Maybe sorry seems to be the hardest word, but perhaps harder words are the ones that admit a mistake.
Doing so will not come cheaply, and it will not come without some clicking of tongues.
And it will be a sheer misery for Manchester City's brain trust—chief executive officer Ferran Soriano and director of football Txiki Begiristain—to admit that deposed manager Roberto Mancini was right all along. In a results business like Manchester City's, though, stubbornly running embattled keeper Joe Hart out every match and risking Premier League position and Champions League failure is no plan at all.
As recounted recently by John Richardson in the Express, Mancini's former City assistant David Platt "recently revealed that if the pair had stayed then Begovic would have been signed in the summer as Mancini had lost faith in Hart."
Bringing Begovic in would thus be more than a bit embarrassing for Soriano and Begiristain. But would it be more embarrassing than Hart's flubs at Aston Villa and at home against Bayern Munich and Everton in recent days?
Current City boss Manuel Pellegrini is himself conflicted about what to do with Hart. As reported by BBCSport.com, Pellegrini said that in writing up his team sheet to face Everton, "it wasn't a simple decision [to play Hart]. It was a very difficult decision."
That Pellegrini had to give that much consideration to playing seldom-used Costel Pantilimon over England's No. 1 keeper in a regular season Premier League match in early October (at home!) says all you need to hear about Hart's shaky play under Pellegrini thus far.
Change for the sake of change is not usually a great idea.
Unfortunately, Hart's inability to string together a few clean sheets—or at least a few weeks of sound keeping—has forced City's hand.
City will almost certainly have to close their eyes and hold their breath with Hart through the remainder of Champions League qualifying, which figures to fittingly conclude with another caning by Bayern Munich at Allianz Arena in December.
If City have amassed enough points to survive to the knockout stage elsewhere, though, they probably will want at least the option of playing another top-flight keeper when the Champions League knockout matches force City to win to survive.
It is one thing to explain away a Hart gaffe against Everton in October. It is quite another to justify his place after a costly screw-up in, say, a Champions League quarter-final match against Real Madrid.
You will notice that this entire piece reads as less an endorsement of Begovic than it does an indictment of Hart.
You are right about that.
Begovic is a terrific keeper at Stoke City who is currently backstopping Bosnia and Herzegovina through what has been a historic World Cup qualifying campaign.
Begovic is elite.
Then again, even with all his faults right now, Hart has a Premier League title and an FA Cup on his mantel.

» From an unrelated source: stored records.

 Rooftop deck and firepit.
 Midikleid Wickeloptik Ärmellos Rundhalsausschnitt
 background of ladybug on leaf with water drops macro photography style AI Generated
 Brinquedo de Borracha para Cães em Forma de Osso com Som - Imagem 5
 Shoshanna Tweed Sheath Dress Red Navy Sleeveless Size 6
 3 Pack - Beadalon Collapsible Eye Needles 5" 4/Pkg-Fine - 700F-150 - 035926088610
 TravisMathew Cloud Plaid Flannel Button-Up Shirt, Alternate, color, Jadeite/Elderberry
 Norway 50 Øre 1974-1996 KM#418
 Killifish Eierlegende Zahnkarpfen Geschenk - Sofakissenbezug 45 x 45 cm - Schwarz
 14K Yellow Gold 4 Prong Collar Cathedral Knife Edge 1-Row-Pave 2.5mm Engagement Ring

Begovic has no such hardware to show. That is however not Begovic's fault, given the non-competitive nature of the sides he has played for.
Bringing Begovic in thus carries the risk that he will not handle the pressure of being City's first choice keeper any better than Hart has for the past few months.
City have reached a point with Hart, though, where staying the course headed straight for an iceberg is far riskier than the swerve to Begovic (with the potential of capsize) would be.